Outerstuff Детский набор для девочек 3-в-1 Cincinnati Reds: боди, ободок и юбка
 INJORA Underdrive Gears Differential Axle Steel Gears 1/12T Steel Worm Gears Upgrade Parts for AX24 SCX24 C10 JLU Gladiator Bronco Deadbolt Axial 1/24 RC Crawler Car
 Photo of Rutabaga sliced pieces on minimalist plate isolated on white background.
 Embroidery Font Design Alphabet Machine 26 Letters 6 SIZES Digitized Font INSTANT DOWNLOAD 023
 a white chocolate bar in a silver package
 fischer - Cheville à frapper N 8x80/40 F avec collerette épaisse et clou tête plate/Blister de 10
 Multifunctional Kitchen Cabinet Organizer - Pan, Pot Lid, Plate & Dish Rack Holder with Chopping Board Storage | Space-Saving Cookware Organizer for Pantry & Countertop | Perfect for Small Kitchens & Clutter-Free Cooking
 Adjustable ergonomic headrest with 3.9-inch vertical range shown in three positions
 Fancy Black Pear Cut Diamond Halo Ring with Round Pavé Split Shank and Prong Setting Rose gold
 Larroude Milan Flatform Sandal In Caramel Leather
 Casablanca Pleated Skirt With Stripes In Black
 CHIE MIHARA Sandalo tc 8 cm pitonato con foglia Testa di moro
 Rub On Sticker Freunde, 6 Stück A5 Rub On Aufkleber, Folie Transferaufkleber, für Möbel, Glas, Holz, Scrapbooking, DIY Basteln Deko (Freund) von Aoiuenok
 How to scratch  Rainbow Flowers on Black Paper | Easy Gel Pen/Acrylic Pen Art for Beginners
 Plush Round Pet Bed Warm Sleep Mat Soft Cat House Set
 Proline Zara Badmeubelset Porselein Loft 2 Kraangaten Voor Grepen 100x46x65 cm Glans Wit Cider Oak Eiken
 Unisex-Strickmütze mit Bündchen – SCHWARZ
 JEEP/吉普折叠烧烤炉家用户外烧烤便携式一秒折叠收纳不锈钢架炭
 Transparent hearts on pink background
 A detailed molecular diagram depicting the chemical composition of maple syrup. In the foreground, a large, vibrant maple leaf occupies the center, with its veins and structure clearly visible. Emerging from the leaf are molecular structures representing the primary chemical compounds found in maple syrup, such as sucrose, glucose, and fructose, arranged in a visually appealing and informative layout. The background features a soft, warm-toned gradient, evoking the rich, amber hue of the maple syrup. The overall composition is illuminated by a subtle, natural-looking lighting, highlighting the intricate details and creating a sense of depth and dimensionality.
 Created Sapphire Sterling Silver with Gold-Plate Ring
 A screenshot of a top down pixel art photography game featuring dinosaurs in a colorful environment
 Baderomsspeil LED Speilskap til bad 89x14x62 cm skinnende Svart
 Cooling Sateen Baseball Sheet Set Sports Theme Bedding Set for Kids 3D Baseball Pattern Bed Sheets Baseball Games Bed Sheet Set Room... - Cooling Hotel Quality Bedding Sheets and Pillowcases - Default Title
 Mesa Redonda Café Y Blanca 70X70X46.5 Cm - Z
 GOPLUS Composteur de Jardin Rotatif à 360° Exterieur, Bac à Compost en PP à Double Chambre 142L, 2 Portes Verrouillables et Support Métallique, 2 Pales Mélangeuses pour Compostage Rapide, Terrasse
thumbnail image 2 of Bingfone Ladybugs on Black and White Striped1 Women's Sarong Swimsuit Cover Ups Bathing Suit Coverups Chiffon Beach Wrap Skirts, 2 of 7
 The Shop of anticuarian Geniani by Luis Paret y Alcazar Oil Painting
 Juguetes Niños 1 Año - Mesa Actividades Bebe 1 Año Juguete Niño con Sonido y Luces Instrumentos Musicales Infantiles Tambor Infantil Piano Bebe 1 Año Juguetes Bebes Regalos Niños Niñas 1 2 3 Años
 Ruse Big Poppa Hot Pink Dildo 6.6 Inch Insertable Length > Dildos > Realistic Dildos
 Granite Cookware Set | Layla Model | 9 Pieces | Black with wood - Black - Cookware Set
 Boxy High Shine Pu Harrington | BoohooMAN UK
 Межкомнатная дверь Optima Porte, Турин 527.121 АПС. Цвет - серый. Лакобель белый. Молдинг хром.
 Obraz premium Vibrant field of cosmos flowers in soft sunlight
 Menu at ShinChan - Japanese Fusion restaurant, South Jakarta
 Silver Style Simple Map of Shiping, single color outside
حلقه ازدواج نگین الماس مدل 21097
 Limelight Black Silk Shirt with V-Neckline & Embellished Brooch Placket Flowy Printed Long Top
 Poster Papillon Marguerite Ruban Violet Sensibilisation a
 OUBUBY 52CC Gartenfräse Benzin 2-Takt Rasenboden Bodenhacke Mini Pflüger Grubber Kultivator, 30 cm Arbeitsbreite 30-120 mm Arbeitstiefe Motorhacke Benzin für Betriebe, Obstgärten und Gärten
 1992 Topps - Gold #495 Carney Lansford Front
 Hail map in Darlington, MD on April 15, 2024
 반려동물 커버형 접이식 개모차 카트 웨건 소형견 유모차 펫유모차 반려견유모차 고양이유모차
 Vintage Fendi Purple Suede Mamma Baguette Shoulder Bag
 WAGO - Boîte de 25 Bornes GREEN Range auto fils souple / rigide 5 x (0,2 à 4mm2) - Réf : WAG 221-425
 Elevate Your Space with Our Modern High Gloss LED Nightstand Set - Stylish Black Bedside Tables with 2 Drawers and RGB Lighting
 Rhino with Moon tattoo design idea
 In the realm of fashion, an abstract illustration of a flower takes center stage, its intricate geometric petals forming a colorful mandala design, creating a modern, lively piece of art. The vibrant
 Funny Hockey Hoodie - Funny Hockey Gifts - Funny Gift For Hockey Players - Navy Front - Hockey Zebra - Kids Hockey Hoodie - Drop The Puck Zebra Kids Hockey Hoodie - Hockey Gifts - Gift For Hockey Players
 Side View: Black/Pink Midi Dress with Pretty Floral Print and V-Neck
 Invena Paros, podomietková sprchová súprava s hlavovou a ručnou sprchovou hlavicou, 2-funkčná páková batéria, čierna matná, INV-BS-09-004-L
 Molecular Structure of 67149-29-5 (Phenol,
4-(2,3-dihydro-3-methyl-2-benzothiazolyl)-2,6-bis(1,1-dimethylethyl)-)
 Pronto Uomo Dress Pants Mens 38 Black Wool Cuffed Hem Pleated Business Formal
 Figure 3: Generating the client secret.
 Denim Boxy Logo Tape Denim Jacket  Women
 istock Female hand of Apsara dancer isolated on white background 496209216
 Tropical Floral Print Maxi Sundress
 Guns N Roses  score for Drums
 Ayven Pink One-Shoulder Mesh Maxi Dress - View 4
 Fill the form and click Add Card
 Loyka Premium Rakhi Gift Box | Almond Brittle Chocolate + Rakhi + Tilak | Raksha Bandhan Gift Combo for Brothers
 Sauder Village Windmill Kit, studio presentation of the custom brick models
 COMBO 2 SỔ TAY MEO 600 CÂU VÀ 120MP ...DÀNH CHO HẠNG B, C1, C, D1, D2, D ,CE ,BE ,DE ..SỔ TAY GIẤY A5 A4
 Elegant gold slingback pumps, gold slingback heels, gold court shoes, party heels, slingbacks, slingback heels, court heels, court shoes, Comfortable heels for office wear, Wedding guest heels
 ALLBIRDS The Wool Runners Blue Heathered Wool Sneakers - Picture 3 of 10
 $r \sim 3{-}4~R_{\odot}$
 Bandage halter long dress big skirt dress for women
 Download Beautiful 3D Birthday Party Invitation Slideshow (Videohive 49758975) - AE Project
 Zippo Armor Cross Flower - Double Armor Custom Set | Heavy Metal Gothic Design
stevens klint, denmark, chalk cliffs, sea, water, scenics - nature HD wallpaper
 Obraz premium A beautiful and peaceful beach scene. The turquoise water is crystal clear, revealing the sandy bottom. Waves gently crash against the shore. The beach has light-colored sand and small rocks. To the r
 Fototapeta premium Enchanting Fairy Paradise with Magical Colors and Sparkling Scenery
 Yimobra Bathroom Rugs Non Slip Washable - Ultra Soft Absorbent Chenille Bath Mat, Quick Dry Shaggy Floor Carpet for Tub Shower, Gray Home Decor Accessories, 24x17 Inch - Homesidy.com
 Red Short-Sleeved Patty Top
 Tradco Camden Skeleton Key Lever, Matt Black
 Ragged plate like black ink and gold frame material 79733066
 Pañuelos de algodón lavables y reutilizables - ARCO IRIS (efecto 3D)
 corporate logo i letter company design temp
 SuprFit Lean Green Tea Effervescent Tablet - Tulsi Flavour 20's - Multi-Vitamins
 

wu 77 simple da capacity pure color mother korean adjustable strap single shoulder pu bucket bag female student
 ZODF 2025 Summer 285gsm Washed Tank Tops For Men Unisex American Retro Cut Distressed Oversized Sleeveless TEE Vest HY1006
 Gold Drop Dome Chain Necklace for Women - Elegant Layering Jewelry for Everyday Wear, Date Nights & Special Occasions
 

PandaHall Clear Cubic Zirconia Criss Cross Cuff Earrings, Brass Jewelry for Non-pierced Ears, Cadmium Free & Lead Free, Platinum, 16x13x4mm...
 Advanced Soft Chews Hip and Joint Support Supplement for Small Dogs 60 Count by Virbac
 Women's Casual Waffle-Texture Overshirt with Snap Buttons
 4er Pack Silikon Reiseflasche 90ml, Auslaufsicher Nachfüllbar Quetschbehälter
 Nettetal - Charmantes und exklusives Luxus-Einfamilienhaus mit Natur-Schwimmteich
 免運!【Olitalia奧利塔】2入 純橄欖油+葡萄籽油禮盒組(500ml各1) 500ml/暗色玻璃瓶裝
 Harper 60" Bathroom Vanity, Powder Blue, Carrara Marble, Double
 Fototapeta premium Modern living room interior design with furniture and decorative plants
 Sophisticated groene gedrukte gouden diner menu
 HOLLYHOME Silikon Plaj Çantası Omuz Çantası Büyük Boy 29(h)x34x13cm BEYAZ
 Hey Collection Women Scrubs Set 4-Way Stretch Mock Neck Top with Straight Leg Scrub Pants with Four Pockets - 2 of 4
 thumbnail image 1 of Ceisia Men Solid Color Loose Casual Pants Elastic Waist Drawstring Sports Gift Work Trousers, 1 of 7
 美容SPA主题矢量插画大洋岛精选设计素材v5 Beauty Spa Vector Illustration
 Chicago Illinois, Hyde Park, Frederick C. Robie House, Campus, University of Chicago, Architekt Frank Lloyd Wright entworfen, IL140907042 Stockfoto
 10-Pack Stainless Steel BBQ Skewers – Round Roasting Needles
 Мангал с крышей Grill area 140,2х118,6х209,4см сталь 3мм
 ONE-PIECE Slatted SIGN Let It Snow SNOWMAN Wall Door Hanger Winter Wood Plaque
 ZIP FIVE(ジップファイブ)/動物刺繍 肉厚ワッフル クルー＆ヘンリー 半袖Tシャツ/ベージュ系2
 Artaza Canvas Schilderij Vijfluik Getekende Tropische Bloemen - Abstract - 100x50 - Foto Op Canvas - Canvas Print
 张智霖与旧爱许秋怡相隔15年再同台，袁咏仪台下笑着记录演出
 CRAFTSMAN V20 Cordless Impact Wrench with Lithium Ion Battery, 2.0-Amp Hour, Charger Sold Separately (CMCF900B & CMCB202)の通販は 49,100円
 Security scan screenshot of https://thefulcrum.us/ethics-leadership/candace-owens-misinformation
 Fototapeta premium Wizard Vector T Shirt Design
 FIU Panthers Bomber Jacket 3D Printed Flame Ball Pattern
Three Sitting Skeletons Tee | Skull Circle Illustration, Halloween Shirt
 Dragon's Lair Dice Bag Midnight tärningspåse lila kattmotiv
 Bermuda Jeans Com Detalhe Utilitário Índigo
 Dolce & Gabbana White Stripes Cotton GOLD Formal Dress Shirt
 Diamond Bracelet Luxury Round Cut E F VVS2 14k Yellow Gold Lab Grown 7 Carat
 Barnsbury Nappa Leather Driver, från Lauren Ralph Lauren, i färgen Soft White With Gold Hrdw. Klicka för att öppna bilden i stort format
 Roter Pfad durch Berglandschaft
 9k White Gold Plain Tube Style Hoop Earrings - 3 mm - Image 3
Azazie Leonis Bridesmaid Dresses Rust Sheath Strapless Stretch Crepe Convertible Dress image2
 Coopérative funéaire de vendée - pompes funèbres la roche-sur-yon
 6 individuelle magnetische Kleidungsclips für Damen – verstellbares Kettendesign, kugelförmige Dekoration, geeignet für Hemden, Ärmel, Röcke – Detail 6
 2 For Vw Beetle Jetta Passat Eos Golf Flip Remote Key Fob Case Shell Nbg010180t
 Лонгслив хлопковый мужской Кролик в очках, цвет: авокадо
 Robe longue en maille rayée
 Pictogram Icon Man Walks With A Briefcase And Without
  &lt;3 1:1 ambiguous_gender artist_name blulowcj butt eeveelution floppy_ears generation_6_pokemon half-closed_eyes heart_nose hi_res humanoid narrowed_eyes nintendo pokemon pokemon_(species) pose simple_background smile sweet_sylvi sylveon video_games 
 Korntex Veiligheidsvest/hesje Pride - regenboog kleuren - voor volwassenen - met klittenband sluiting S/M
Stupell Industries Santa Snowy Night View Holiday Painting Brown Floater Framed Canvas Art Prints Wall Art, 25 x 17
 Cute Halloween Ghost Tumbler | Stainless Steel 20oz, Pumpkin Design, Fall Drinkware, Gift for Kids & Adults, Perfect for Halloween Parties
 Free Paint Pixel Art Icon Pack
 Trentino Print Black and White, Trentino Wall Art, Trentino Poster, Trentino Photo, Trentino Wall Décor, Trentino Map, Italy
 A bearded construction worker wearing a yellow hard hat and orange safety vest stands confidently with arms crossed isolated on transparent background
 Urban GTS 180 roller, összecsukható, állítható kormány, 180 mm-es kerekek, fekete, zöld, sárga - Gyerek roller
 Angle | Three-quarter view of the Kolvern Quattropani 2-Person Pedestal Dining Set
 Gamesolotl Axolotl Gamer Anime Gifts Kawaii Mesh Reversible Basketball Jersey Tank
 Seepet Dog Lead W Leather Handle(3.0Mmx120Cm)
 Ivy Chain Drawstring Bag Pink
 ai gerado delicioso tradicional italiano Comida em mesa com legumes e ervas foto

________________________

Reproduce the listing above exactly, but only from its first line through the line holding "Transparent hearts on pink background"; both of those lines are included.

Outerstuff Детский набор для девочек 3-в-1 Cincinnati Reds: боди, ободок и юбка
 INJORA Underdrive Gears Differential Axle Steel Gears 1/12T Steel Worm Gears Upgrade Parts for AX24 SCX24 C10 JLU Gladiator Bronco Deadbolt Axial 1/24 RC Crawler Car
 Photo of Rutabaga sliced pieces on minimalist plate isolated on white background.
 Embroidery Font Design Alphabet Machine 26 Letters 6 SIZES Digitized Font INSTANT DOWNLOAD 023
 a white chocolate bar in a silver package
 fischer - Cheville à frapper N 8x80/40 F avec collerette épaisse et clou tête plate/Blister de 10
 Multifunctional Kitchen Cabinet Organizer - Pan, Pot Lid, Plate & Dish Rack Holder with Chopping Board Storage | Space-Saving Cookware Organizer for Pantry & Countertop | Perfect for Small Kitchens & Clutter-Free Cooking
 Adjustable ergonomic headrest with 3.9-inch vertical range shown in three positions
 Fancy Black Pear Cut Diamond Halo Ring with Round Pavé Split Shank and Prong Setting Rose gold
 Larroude Milan Flatform Sandal In Caramel Leather
 Casablanca Pleated Skirt With Stripes In Black
 CHIE MIHARA Sandalo tc 8 cm pitonato con foglia Testa di moro
 Rub On Sticker Freunde, 6 Stück A5 Rub On Aufkleber, Folie Transferaufkleber, für Möbel, Glas, Holz, Scrapbooking, DIY Basteln Deko (Freund) von Aoiuenok
 How to scratch  Rainbow Flowers on Black Paper | Easy Gel Pen/Acrylic Pen Art for Beginners
 Plush Round Pet Bed Warm Sleep Mat Soft Cat House Set
 Proline Zara Badmeubelset Porselein Loft 2 Kraangaten Voor Grepen 100x46x65 cm Glans Wit Cider Oak Eiken
 Unisex-Strickmütze mit Bündchen – SCHWARZ
 JEEP/吉普折叠烧烤炉家用户外烧烤便携式一秒折叠收纳不锈钢架炭
 Transparent hearts on pink background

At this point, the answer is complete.